What’s worse: Holding our ground isn’t enough. We have to gain seats to break the Senate logjam and disempower Send. Joe Manchin of West Virginia and Kyrsten Sinema of Arizona. We also need the cushion, because the 2024 map is tough, and unless President Joe Biden can turn his approval ratings around, a Republican trifecta would be the end of whatever rights we have left. They wouldn’t even need a Supreme Court at that point. 

So yes, it’s hard to argue for voting as the solution, when voting has proved so impotent to this point. And therein lies something else I feel viscerally: the disempowerment of our supposed majority. In fact, it feels like we’re in the minority. Because functionally, we are. And I can sense that permeating through—not just from the politically engaged, but even among the kinds of people who only perk up around presidential election time. I’m even sensing it among the apolitical

It feels like November 2016, when Trump “defeated” Hillary Clinton despite receiving three million fewer votes. 

We all know what history says about midterm elections—the party that controls the White House usually gets walloped, particularly during a new president’s first term. There are several reasons for that, such as a president’s inability to deliver campaign promises through our broken Congress. But the biggest reason is quite simple—the minority motivates. The Tea Party movement emerged after Barack Obama’s election. The Resistance emerged after Donald Trump’s selection. QAnon hit the big time after Joe Biden won, fueling school board protests over masks and the “CRT” boogeyman. 

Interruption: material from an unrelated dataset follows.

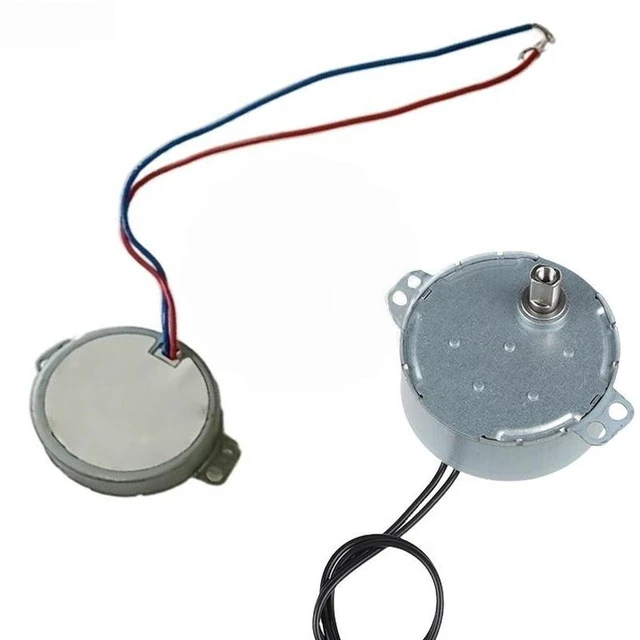 Main image of Generic for Motor 49TYJ 220V 4W Claw Pole Perent Magnet Flat Port Synchronous Motor For Shaking Head Fan Motor Parts Electric Fan Motor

Meanwhile, those in the majority become complacent. “We won, mission accomplished!” That, along with dissatisfaction with the pace of accomplishments, led to a double-whammy situation where the opposition party is highly motivated and mobilized, the party in power is moribund. More often than not, a wave election sweeps the opposition to legislative power. 


Who is in the minority today? 

Republicans, sure. Democrats control the presidency, House, and nominally, the Senate. 

But who is really in the minority today? We are.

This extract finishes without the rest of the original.